A more instantaneous approach is needed in the life insurance sector to help engagement with millennials, Metlife Insurance believes.
Speaking on a panel at the Financial Services Council’s (FSC) Life Insurance Conference this week, Metlife Insurance chief executive, Deanne Stewart, said timeliness and innovation were needed to help millennials participate in the sector.
“The average TPD [total and permanent disability] claim for example takes six months in our industry. A millennial’s perspective would be ‘why does it take six months to get back to me whether I get this claim or not?’,” she said.
“Timeliness, speed, the instantaneous nature and how we grapple with that as an industry will be crucial because the expectations will get sharper and sharper and I think the millennials will drive that.”
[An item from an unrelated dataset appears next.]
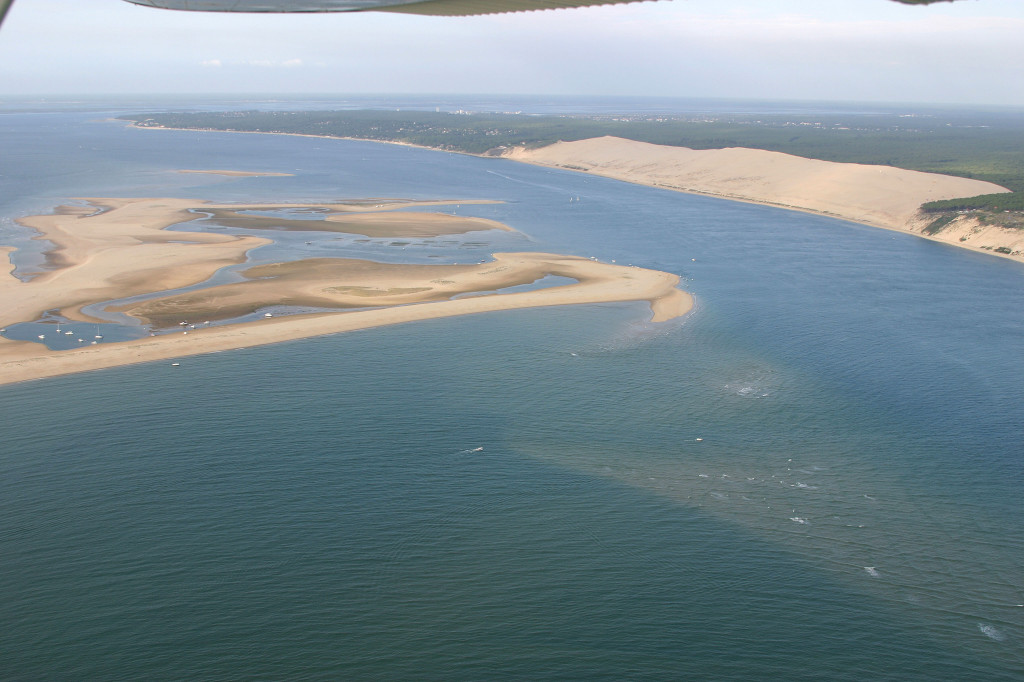 BASSIN D'ARCACHON - Le banc d'Arguin et la dune du Pilat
Also on the panel, ANZ Australia wealth managing director, Alexis George, said as millennials were going to be the biggest economic power yet, the industry needed to challenge itself to engage a generation that only aligned to companies that held the same values as them.
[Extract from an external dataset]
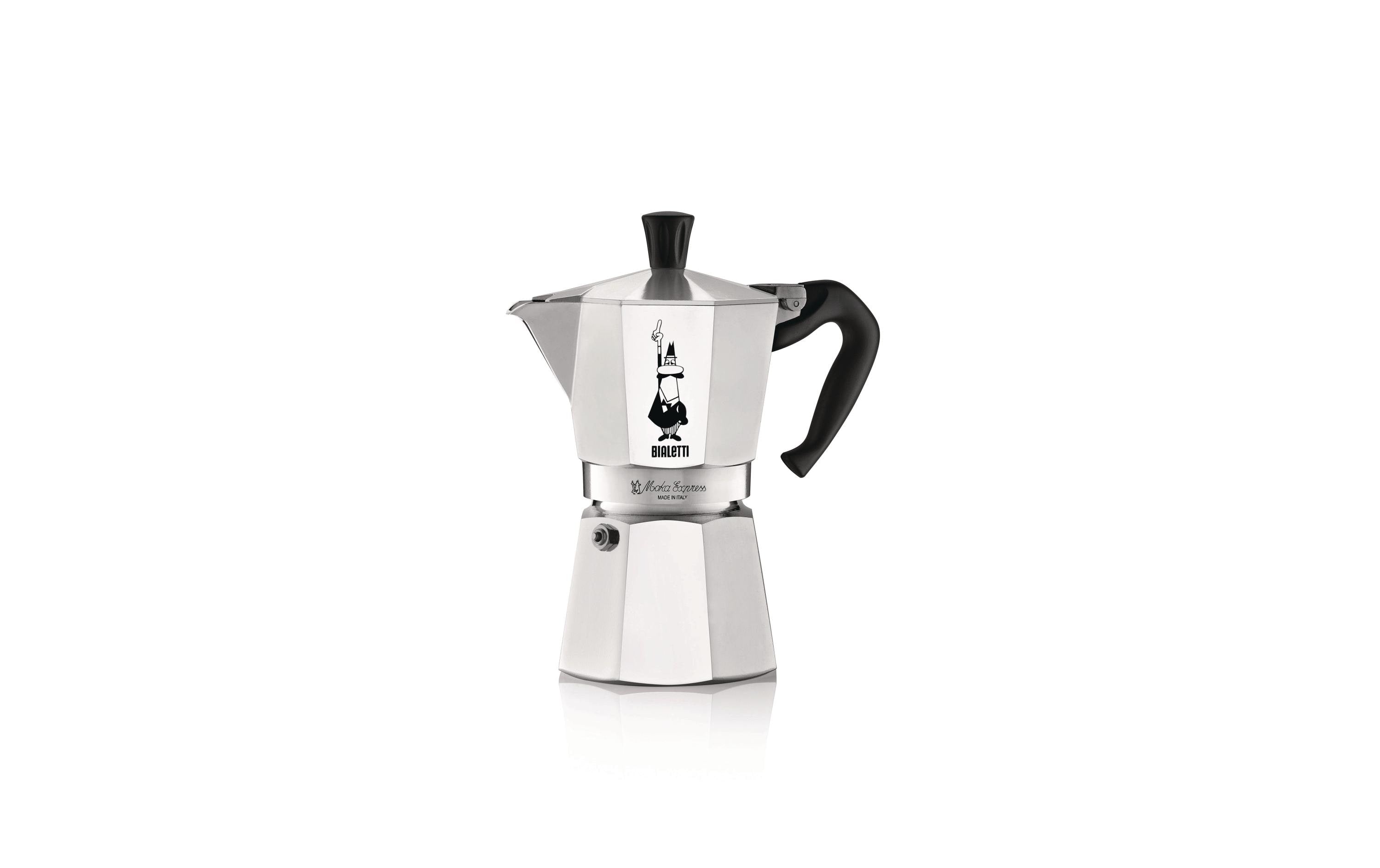 Bialetti Moka Express 4 Tassen Aluminium poliert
“We have to really adapt to this generation. They use technology, they always have three devices on them, and they get information from their peers, not from big bad organisations,” George said.
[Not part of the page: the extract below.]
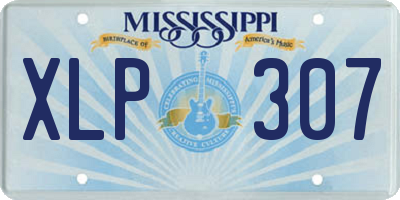MS license plate XLP307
“So how do we adapt to that — it’s incredibly challenging. We’re basically an industry which might have digitised or automated but we haven’t changed in a very long time.”
Chairing the panel, the FSC’s chief executive, Sally Loane said the first experience of life insurance a millennial has is when they watch their superannuation balance decrease thanks to premiums.
“They see $500 in their multiple superannuation fund accounts and in 12 months’ time it’s gone because of life insurance premiums and that’s their first experience,” Loane said.
“That’s not a good experience. I wonder how those things can be changed, I don’t know how to do that.”